Atheris provides FuzzedDataProvider to extract typed values from raw fuzzer bytes:

def test_one_input(data: bytes):
    fdp = atheris.FuzzedDataProvider(data)

    name = fdp.ConsumeUnicodeNoSurrogates(64)
    age = fdp.ConsumeIntInRange(0, 200)
    score = fdp.ConsumeFloat()
    is_active = fdp.ConsumeBool()
    raw_bytes = fdp.ConsumeBytes(fdp.ConsumeIntInRange(0, 1024))

    # Now fuzz your function with structured-ish random data
    process_user(name=name, age=age, score=score, active=is_active)

This gives the fuzzer more structure to work with than pure random bytes, leading to faster discovery of interesting code paths.

Hypothesis for structured fuzzing

When your inputs have known schemas, Hypothesis strategies produce more targeted fuzzing:

from hypothesis import given, settings, strategies as st
from hypothesis import HealthCheck
from pydantic import ValidationError
from myapp.models import OrderRequest


order_strategy = st.fixed_dictionaries({
    "customer_id": st.text(min_size=0, max_size=100),
    "items": st.lists(
        st.fixed_dictionaries({
            "sku": st.text(min_size=0, max_size=50),
            "quantity": st.integers(min_value=-1000, max_value=1000),
            "price": st.floats(allow_nan=True, allow_infinity=True),
        }),
        min_size=0,
        max_size=20,
    ),
    "coupon_code": st.one_of(st.none(), st.text(max_size=200)),
    "shipping_tier": st.sampled_from(["standard", "express", "overnight", ""]),
})


@given(data=order_strategy)
@settings(
    max_examples=5000,
    suppress_health_check=[HealthCheck.too_slow],
)
def test_order_validation_never_crashes(data):
    """The validator may reject input but must never raise an unhandled exception."""
    try:
        OrderRequest(**data)
    except ValidationError:
        pass  # Pydantic rejection is fine
    # Any other exception = bug

Corpus management

Coverage-guided fuzzers maintain a corpus — a collection of inputs that achieve unique coverage.
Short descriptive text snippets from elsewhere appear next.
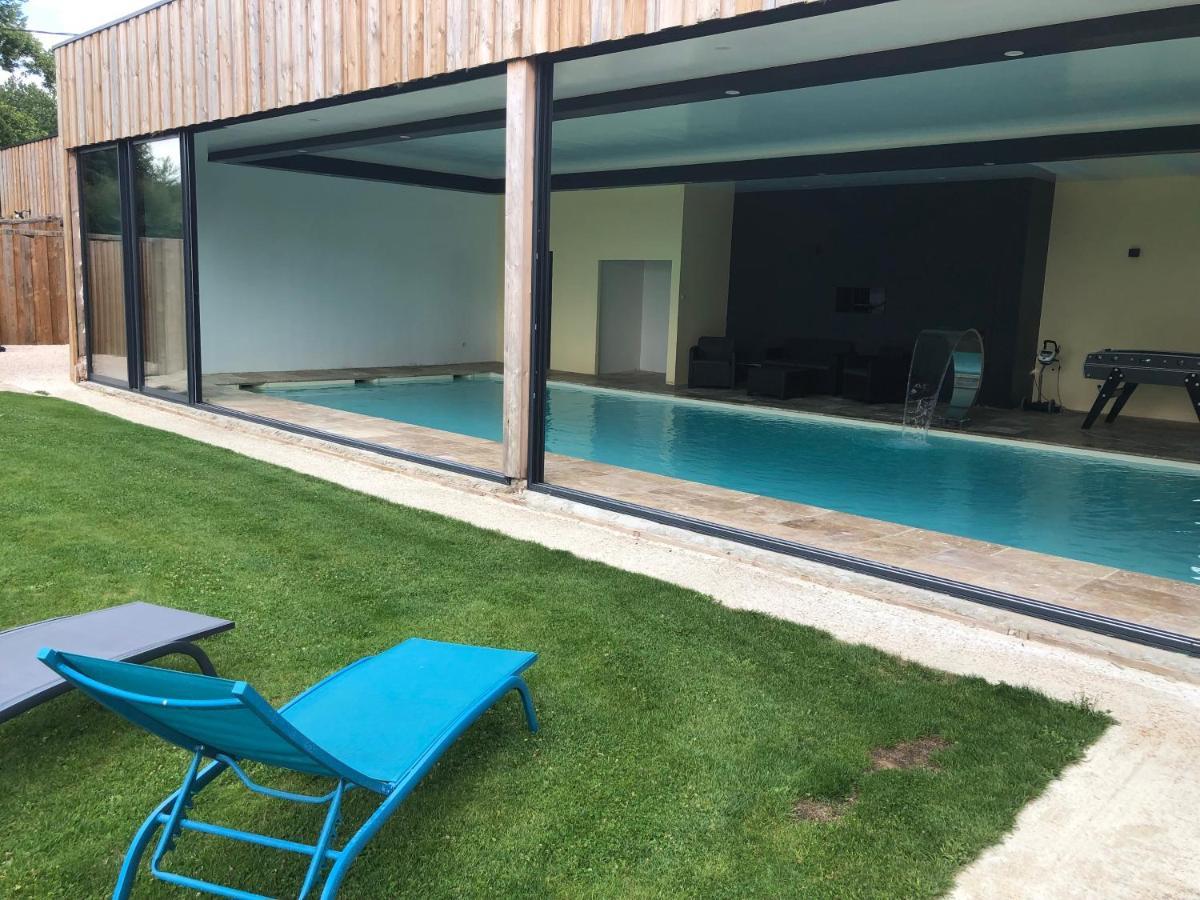 4 Personnes Avec Piscine Interieure 31 Degres Zoo De 24 H Du Mans Apartment La Fleche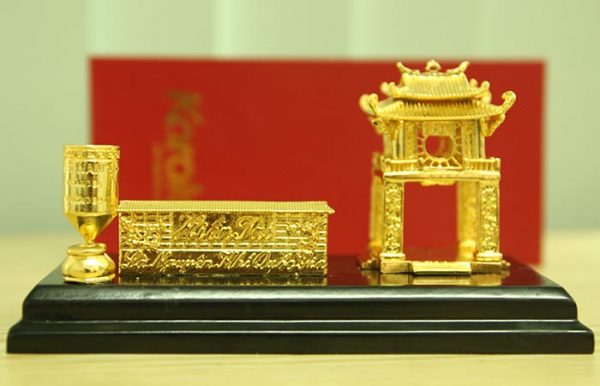 Biểu tượng Khuê Văn Các để bàn mạ vàng 1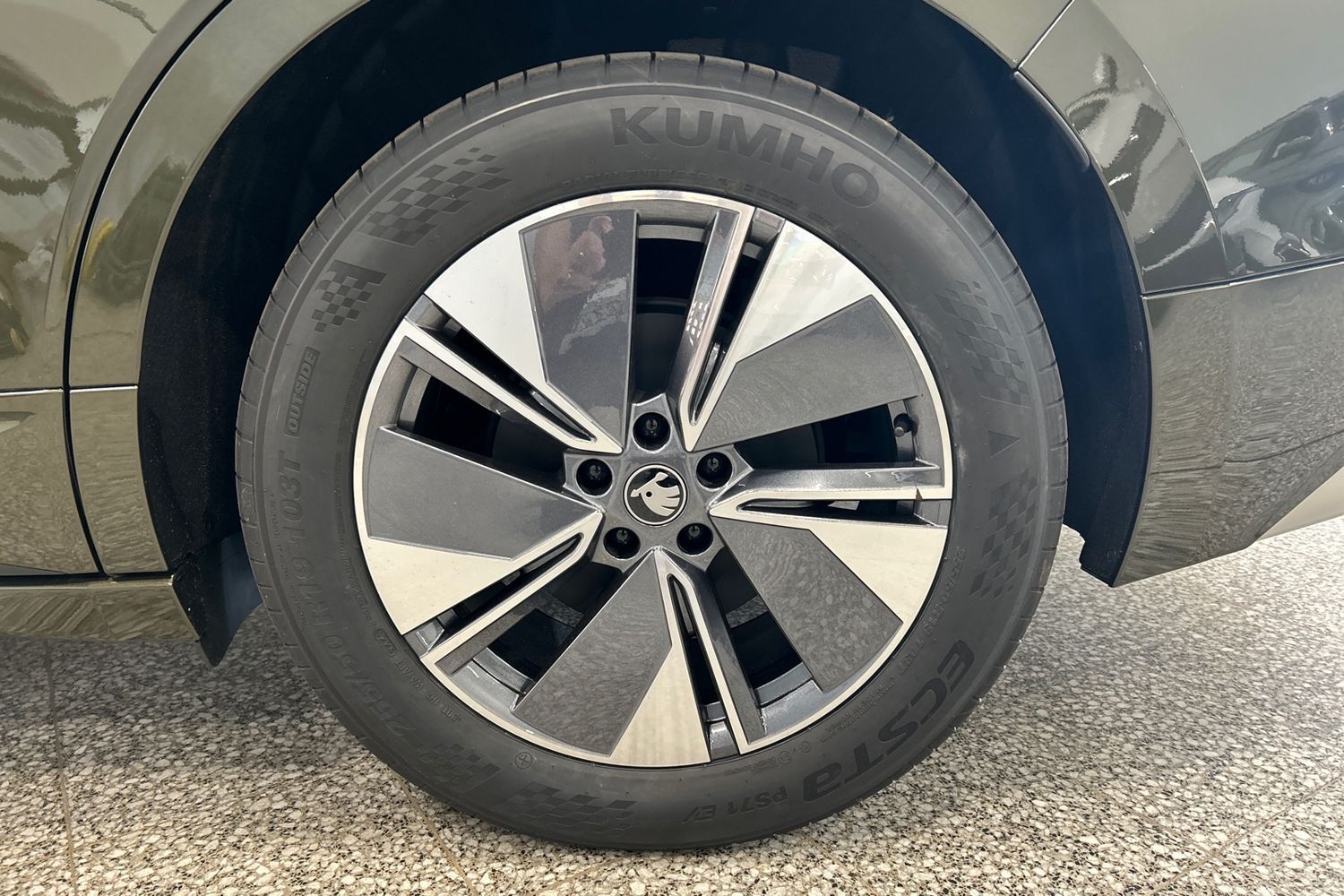 Skoda Enyaq vaihtoauto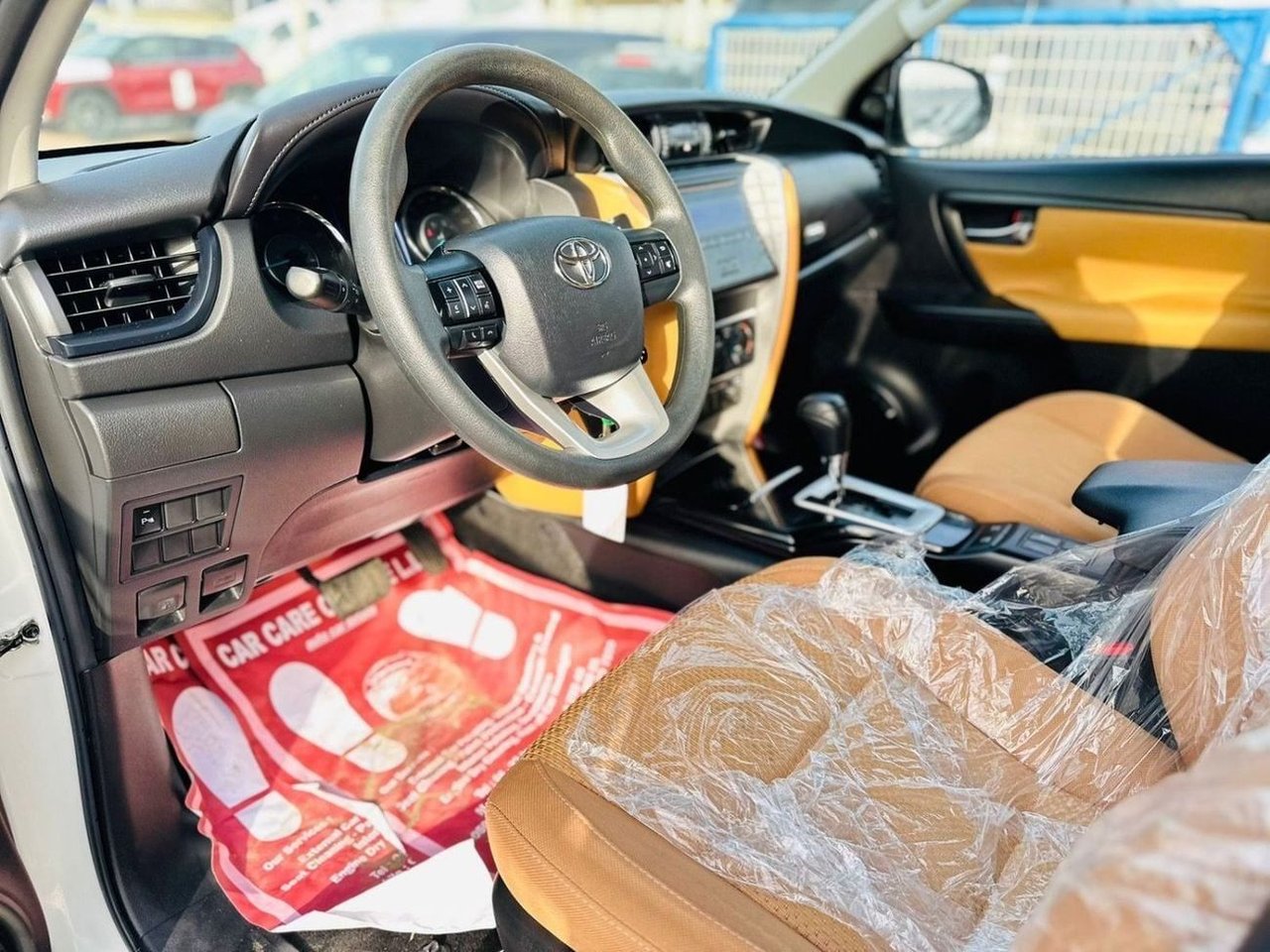 Car Image 2020 TOYOTA FORTUNER 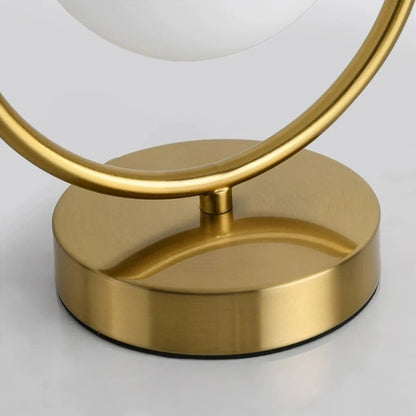 Lampe Boule en Métal Doré et Verre – Éclairage Décoratif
Managing this corpus is crucial for effective long-running fuzzing:

# Create corpus directory with seed inputs
mkdir -p corpus/json_parser
echo '{}' > corpus/json_parser/seed_empty
echo '{"key": [1, 2, 3]}' > corpus/json_parser/seed_nested
echo '{"deep": {"nested": {"value": null}}}' > corpus/json_parser/seed_deep

# Run fuzzer with corpus
python fuzz_json_parser.py corpus/json_parser/ -max_len=4096

The fuzzer reads seeds from the corpus, mutates them, and saves any inputs that discover new coverage back to the corpus directory. Over time, the corpus becomes a valuable asset — check it into version control so future fuzzing runs start from accumulated knowledge.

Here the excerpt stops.